When a group of sports wagering operators in August submitted paperwork in California for a 2022 ballot initiative that would legalize digital betting, the response was oddly quiet. Just weeks before, after a group of four cities that have card clubs offered up its take on the topic, the state’s tribes were vehemently opposed to California sports betting and both operators and tribes were scratching their heads about who was behind it and how it would play out.
But on and since Aug. 31, the response has been, well, crickets, in what would be the biggest sports betting state in the U.S. to offer live sports wagering.
“I think no one is reacting right away, and that is the right move,” said James Siva, chairman of the California Nations Indian Gaming Association, during Victor Rocha’s weekly The New Normal webinar Sept. 8. “I think they want to sit back and see if anyone breaks ranks.”

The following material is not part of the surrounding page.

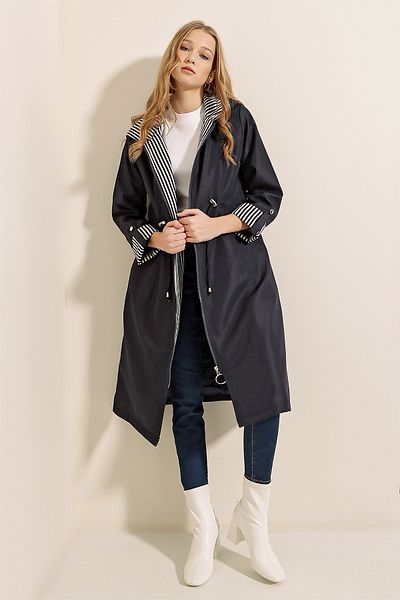 Bigdart 9091 Trenchcoat mit geraffter Taille und Kapuze – Marineblau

Said Rocha: “It’s not hated like the card club [proposal]. That was a hard ‘no.’ It’s, ‘Ah, we’ll think about it.’ Here we are, the Vikings have landed, the question is if they come bearing gifts?”
The Vikings — aka, national operators Bally’s, BetMGM, DraftKings, FanDuel, Penn National/Barstool Sportsbook, and WynnBET, plus Fanatics — believe they have landed bearing gifts. As a coalition, they have framed the proposal as “complementary” to the tribes’ bid to legalize retail sports betting at tribal casinos and horse race tracks, but not at card clubs, with whom the tribes have a long-standing feud. It calls for higher licensing fees for commercial operators than tribes, it does not address retail wagering in any form, and it would require operators to partner with a tribe.
The tribe’s own initiative would legalize retail wagering. Voters could approve both ballot questions, and the state would end up with retail and statewide mobile. But the operators’ proposal likely speeds up the tribes’ timeline for digital sports betting.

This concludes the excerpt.